+++ Provided information +++

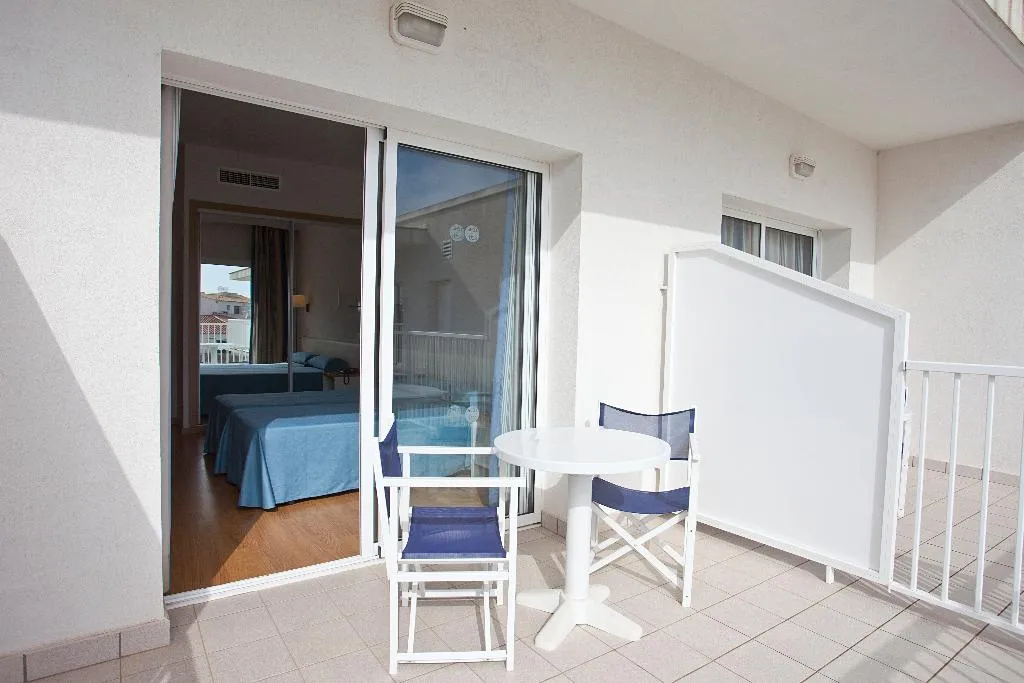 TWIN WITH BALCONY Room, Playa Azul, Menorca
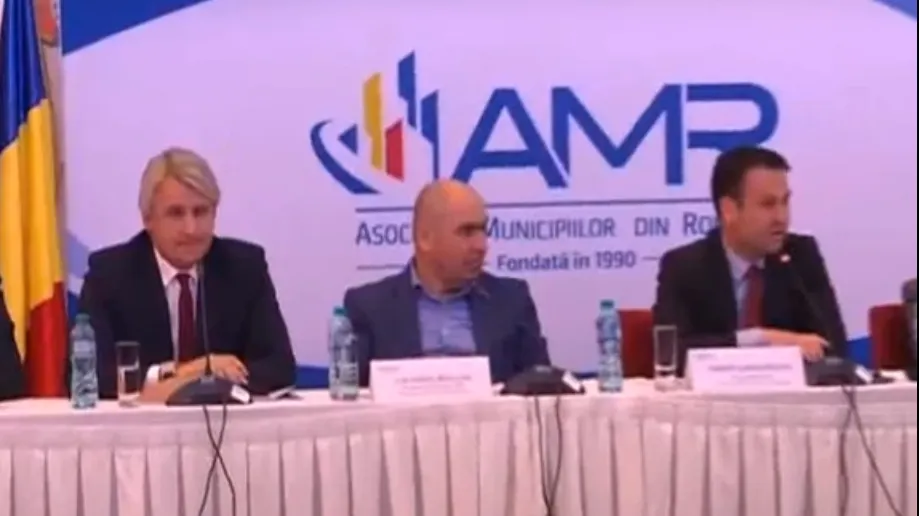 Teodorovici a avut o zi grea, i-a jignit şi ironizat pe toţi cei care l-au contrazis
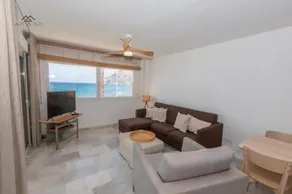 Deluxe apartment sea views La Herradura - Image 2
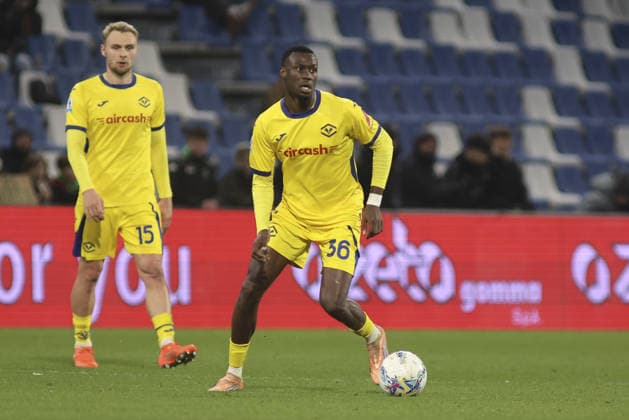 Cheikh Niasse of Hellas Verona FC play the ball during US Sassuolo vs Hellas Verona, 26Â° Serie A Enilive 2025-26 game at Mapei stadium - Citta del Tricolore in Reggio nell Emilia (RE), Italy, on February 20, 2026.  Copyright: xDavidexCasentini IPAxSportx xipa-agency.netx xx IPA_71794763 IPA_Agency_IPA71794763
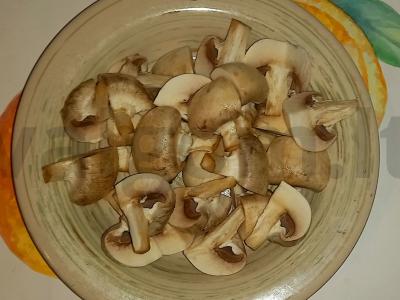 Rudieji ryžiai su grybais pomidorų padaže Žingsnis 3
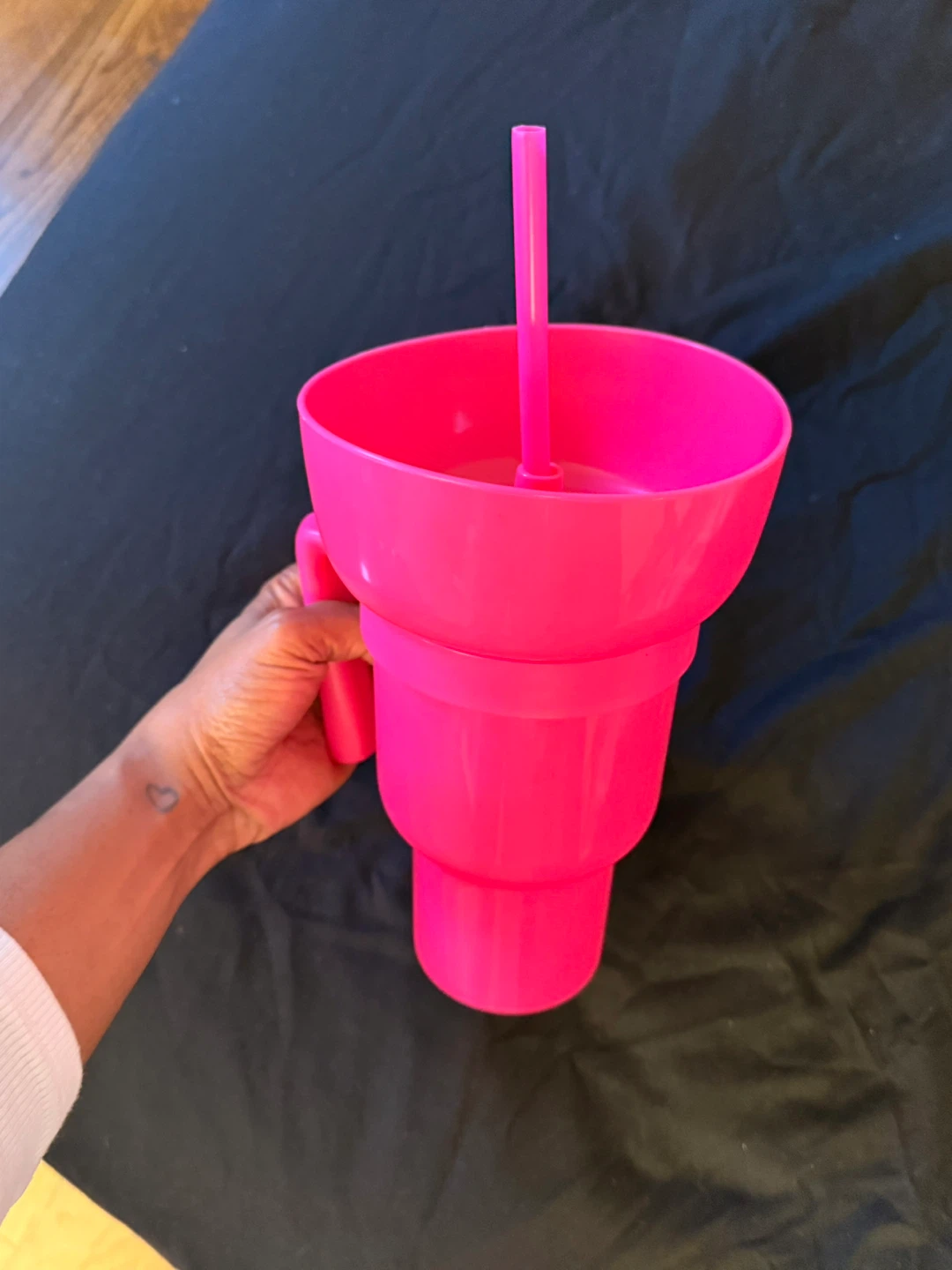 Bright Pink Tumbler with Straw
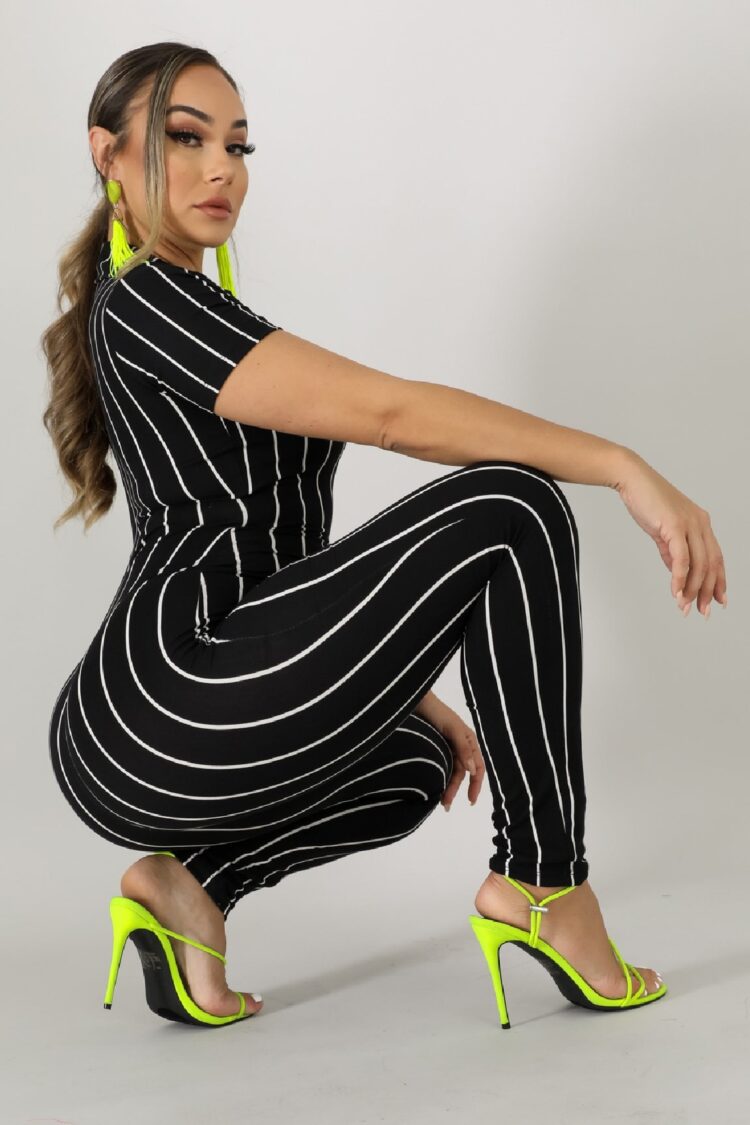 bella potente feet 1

+++

### Problem to solve
Exactly as written, restate all of the data, leaving out the images.

### Written answer
 TWIN WITH BALCONY Room, Playa Azul, Menorca
 Teodorovici a avut o zi grea, i-a jignit şi ironizat pe toţi cei care l-au contrazis
 Deluxe apartment sea views La Herradura - Image 2
 Cheikh Niasse of Hellas Verona FC play the ball during US Sassuolo vs Hellas Verona, 26Â° Serie A Enilive 2025-26 game at Mapei stadium - Citta del Tricolore in Reggio nell Emilia (RE), Italy, on February 20, 2026.  Copyright: xDavidexCasentini IPAxSportx xipa-agency.netx xx IPA_71794763 IPA_Agency_IPA71794763
 Rudieji ryžiai su grybais pomidorų padaže Žingsnis 3
 Bright Pink Tumbler with Straw
 bella potente feet 1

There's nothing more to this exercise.